Su otro hijo, Yves, recordó su vinculación con Llanera: «nunca la perdimos. Siempre fueron nuestras raíces. Cuando eramos pequeños veníamos de vacaciones cuando podíamos y seguimos viniendo ahora. Para nosotros es nuestra tierra también y estamos muy orgullosos de que este homenaje sea aquí, Y que sirva para recordar a aquella gente que sufrió los horrores de la guerra».

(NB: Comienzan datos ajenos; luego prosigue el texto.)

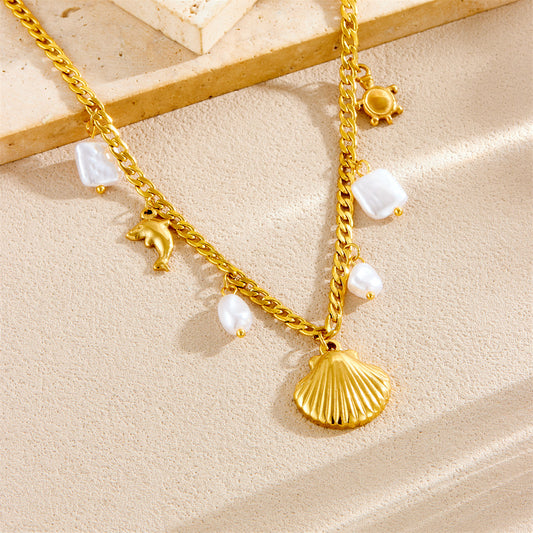 Collar con colgante moderno con diseño de océano, formas de delfín y tortuga en acero inoxidable con baño de oro en cadena de perfil lateral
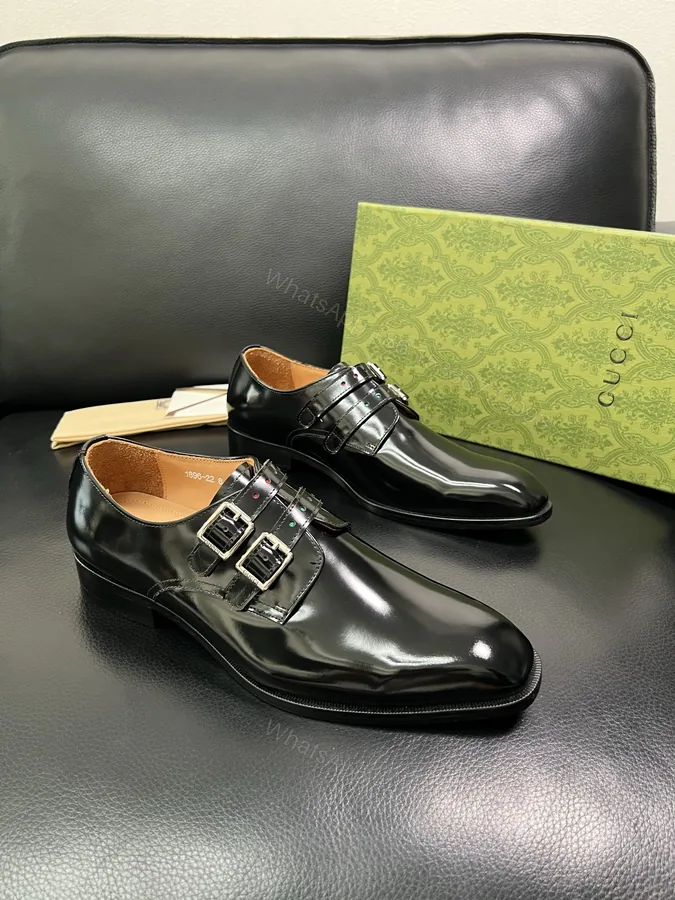 View 1 of Gucci 高仿男士亮皮雙釦德比鞋 黑色光澤 經典義式手工鞋款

Begoña Collado Villa, directora de Memoria histórica del Principado, recordó que «nuestra democracia se sustenta en el sufrimiento, en el dolor, la muerte, el hambre y la tragedia que sufrieron aquellas personas que tuvieron que sufrir su estancia en los campos de concentración. Marino estuvo cinco años en Mauthausen y tuvo la suerte de ser liberado. Precisamente, dentro de un mes se cumplen 80 años de aquella liberación. Es una historia que tiene que ser contada, que hay que conocer.».
Por último, Eva María Pérez, teniente de alcalde del Ayuntamiento de Llanera recordó que «en nuestro concejo no queremos que el olvido y la manipulación del pasado se lleva la verdadera historia de quienes vivieron, murieron o sobrevivieron a los horrores de la ultraderecha, de la sinrazón, del odio y la supremacía. Por eso, que estas piedras hagan reflexionar a quienes hoy levantan el brazo derecho en un ángulo de 40 grados y ligeramente ladeado a la derecha. Que se recuerde, o se aprenda, todo lo que hay tras un gesto. Lo malo, y lo bueno, que es lo que hoy nos reúne aquí».